In fact, they joke about the way Houston resorted to sending film of the Utah tactic to the NBA offices."I wonder if they sent film of Kevin Willis into the league office?" Sloan said, referring to the Houston forward's bully-boy approach to the game.
Jazz center Greg Foster was asked by a Houston writer if he gets frustrated with the way Olajuwon gets away with obvious traveling, and he said, "What are we going to do, send a tape into the league? Can we do that?"
Foster did admit to being frustrated, but more because the Jazz big men haven't been allowed to play physical with Olajuwon than because the Houston center walks.
"I don't feel like they've let us play him hard the whole series," he said. "He goes whining to the referees, and he'll get a call."
Foster also noted it's ironic that Olajuwon accused Malone of flopping, when he merely has to throw his arms in the air to get a call.
"It's ironic, but that's how it is," he said. "You get away with what you can get away with. He's doing it to get the attention of the officials, even though I don't think he needs to do it."
SOME SENSE: Houston Chronicle columnist Mickey Herskowitz finally sounded the voice of reason, ripping the Rockets in print Saturday for trying to say the Jazz are dirty, cheating, etc.
"When did the Rockets become grumpy old men, whining and grousing and carrying on ad nauseam about the bullies from the Beehive State?" he wrote. "When did they decide self-pity was a form of motivation? This behavior is not only unattractive, it is self-defeating."

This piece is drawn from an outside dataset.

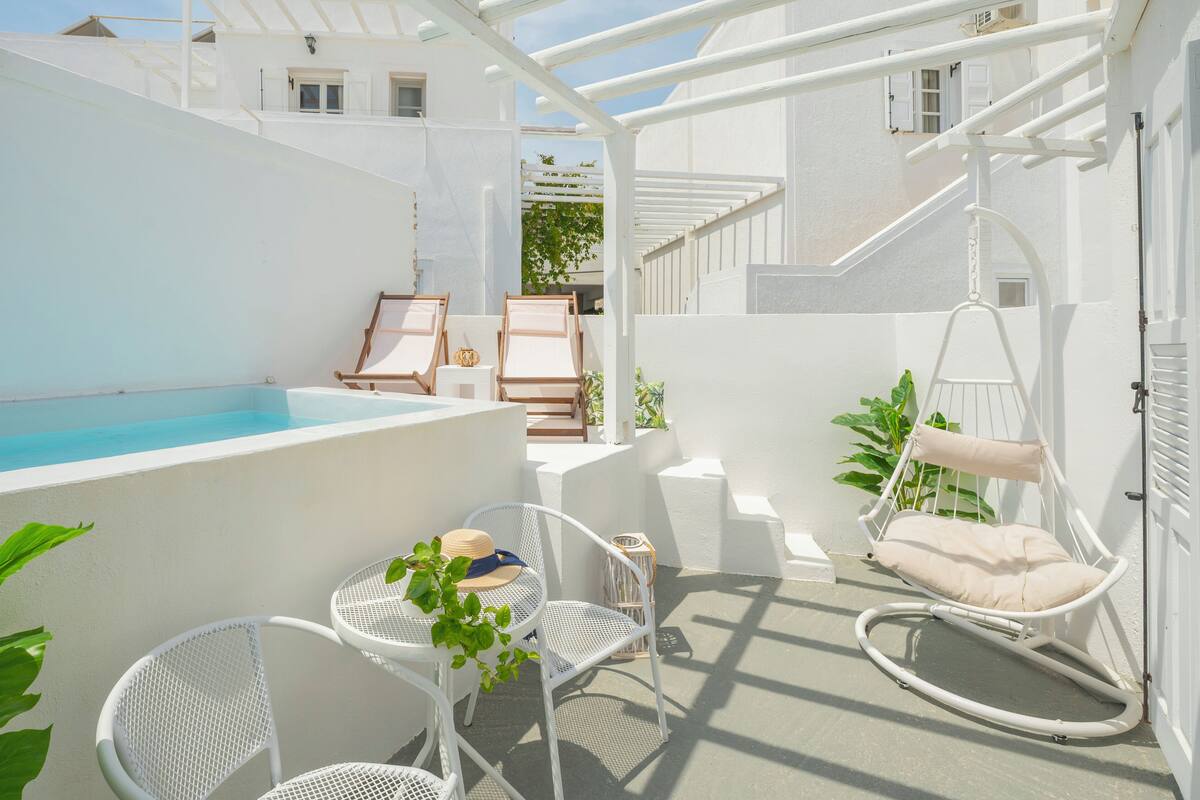 A rooftop terrace with a pool, white furniture, and hanging chairs.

Herskowitz came to the defense of Utah's John Stockton and Karl Malone.
"John Stockton? The Rockets are offended because he `calls himself a choirboy' and then sets a pick?" he wrote. "To begin with, there is no record of Stockton describing himself in this way, although he surely looks like a choirboy or a counselor at a summer camp for kids. The media gave him the label, and there isn't much he can do about it, even if he cared. Stockton is . . . a bright, classy fellow.
"Nobody ever called Karl Malone a choirboy and he has made no such claim of his own. Karl looks like the kind of guy the Army drops behind enemy lines to take out a missile base using only a butter knife."
Herskowitz went on to criticize the Rockets for trying to portray the poke in the eye suffered by Olajuwon in Game 1 as an elbow, when replays clearly showed it was, at worst, a finger. He also noted that Charles Barkley, the Rockets' loudest whiner, hardly has room to accuse anyone of dirty play, considering his record.
BARKLEY STUFF: Barkley, on Eddie Johnson's 31 points after being missing-in-action in Games 1 and 2: "We can take him off the milk carton now."
Barkley said the Rockets decided before Game 3 that it was time to keep their mouths shut and play. "We've got to quit whining and complaining about the officiating," he said. "They're going to set the picks, and we've got to get through them somehow." (Gee, do you think he'd have said that if they'd lost?)
More Barkley, on physical play: "Everybody always talks about it being physical, but the truth is that on both teams, there's only about three or four guys who would actually fight. The rest of them would be running to the bench, trying to put a seatbelt on."